Biotech Updates

Rothamsted Research Study Finds European Wheat Can Yield Far More Than Current Production

December 18, 2019

A team from Rothamsted Research published the results of their study after finding out that Europe's wheat harvests could be increased by more than 5 tons per hectare, after determining the crop's untapped genetic potential. They say that after all these years of wheat breeding, there is still a long way to go.

Wheat was first domesticated about 11,000 years ago. And it was only in 2018 that, with the help of modern science, its entire genome was finally sequenced. But the authors of the study believe that grain yield can increase to as much as 90% in some European countries and can go a long way to meet the increasing food demand of the global population and reducing the pressure of converting more land to farm areas. This motivated them to investigate the wheat's genes using existing data and run simulations to create "perfect" wheat plants that will adapt to various regions. They found that when compared to locally adapted varieties, the local varieties were underperforming and there was an obvious genetic yield gap between reality and possibility.

The details of the team's study focused on six locally adapted wheat cultivars from 13 European sites. Then they used a computer model called Sirius, and ran millions of simulations which showed that many wheat traits that were responsible for the amount of grain produced were well below their optimums. The simulations were based on extensive data on the natural genetic variation supporting key plant traits such as response to drought and heat stresses, the size and orientation of upper leaves that capture sunlight, and the timing of the plant's key life cycle events.

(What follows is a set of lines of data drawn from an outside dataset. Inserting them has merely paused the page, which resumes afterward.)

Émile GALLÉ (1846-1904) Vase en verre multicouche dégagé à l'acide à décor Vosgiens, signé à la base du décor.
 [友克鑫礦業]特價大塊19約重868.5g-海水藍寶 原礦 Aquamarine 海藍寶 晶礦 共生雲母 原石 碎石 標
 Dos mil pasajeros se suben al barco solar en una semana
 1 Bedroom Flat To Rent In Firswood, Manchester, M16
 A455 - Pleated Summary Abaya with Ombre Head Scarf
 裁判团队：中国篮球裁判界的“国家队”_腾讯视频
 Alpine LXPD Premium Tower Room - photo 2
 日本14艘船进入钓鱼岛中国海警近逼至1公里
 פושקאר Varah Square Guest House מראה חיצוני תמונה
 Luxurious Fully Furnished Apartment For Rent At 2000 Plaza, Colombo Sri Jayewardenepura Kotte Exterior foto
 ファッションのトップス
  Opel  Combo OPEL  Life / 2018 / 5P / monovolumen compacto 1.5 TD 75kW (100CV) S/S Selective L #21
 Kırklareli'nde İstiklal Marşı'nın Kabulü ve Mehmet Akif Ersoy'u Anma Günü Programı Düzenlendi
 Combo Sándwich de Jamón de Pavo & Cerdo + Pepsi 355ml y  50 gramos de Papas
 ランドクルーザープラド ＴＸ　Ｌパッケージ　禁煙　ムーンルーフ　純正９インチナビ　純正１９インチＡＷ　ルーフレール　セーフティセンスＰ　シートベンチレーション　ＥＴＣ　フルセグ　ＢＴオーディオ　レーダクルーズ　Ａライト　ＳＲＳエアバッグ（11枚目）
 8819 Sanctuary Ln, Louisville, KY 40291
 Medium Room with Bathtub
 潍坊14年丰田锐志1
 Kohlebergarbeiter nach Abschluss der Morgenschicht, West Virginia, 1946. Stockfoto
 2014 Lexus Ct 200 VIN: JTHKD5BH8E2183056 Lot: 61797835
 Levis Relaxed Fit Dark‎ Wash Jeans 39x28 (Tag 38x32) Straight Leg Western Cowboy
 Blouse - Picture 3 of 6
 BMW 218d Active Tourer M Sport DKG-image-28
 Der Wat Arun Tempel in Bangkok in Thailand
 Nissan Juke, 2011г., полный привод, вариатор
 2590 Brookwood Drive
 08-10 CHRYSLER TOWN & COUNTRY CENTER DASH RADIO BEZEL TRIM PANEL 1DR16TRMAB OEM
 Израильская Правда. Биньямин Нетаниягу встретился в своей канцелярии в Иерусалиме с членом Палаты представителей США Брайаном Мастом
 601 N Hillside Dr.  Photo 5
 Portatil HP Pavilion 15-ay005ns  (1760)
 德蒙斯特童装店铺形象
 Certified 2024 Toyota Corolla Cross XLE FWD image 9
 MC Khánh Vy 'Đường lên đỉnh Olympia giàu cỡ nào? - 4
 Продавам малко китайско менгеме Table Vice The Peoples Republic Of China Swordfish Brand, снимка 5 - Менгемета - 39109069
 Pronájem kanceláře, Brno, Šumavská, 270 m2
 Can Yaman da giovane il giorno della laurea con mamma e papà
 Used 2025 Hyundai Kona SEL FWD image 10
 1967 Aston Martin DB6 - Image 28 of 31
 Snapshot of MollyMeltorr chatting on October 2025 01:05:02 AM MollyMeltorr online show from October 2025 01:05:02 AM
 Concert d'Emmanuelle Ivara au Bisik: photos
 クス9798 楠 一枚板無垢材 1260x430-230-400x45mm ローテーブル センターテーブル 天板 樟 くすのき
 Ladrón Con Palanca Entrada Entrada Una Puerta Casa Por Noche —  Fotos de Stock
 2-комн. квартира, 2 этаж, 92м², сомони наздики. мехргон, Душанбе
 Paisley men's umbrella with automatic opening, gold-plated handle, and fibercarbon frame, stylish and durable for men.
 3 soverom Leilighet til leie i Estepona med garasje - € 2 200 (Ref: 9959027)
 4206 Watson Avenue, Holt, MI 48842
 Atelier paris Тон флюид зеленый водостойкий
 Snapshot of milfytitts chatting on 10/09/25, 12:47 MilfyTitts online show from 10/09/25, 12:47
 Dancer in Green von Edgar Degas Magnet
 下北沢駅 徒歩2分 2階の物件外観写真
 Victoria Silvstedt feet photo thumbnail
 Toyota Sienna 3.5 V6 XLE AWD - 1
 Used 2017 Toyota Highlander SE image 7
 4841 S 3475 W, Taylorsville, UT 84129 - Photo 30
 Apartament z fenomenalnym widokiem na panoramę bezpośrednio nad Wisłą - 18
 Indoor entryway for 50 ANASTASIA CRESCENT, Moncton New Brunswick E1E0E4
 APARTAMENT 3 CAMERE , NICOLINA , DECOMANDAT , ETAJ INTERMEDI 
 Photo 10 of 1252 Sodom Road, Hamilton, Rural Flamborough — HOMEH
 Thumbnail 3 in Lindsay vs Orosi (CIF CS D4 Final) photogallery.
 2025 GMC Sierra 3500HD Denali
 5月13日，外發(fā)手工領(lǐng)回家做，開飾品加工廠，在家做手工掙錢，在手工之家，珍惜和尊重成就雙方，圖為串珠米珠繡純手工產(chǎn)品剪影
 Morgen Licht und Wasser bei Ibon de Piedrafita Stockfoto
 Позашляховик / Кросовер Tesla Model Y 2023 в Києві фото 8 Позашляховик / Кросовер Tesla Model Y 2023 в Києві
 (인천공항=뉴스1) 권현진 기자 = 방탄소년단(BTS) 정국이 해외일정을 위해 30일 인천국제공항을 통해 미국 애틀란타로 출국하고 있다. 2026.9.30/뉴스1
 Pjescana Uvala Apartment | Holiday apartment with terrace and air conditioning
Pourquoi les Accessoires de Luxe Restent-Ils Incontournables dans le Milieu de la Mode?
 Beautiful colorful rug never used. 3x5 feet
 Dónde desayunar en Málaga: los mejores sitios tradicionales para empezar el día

The researchers concluded that despite intensive wheat breeding work, current local wheat varieties were far from their optimized yield potential and is only 60% of what they could be. However, they also pointed out that so much research and development have been made in identifying genes known to improve the wheat's adaptation. Plant breeding technology has also advanced. Combined together, these can provide opportunities to develop improved and climate smart wheat similar to what the Sirius simulations projected.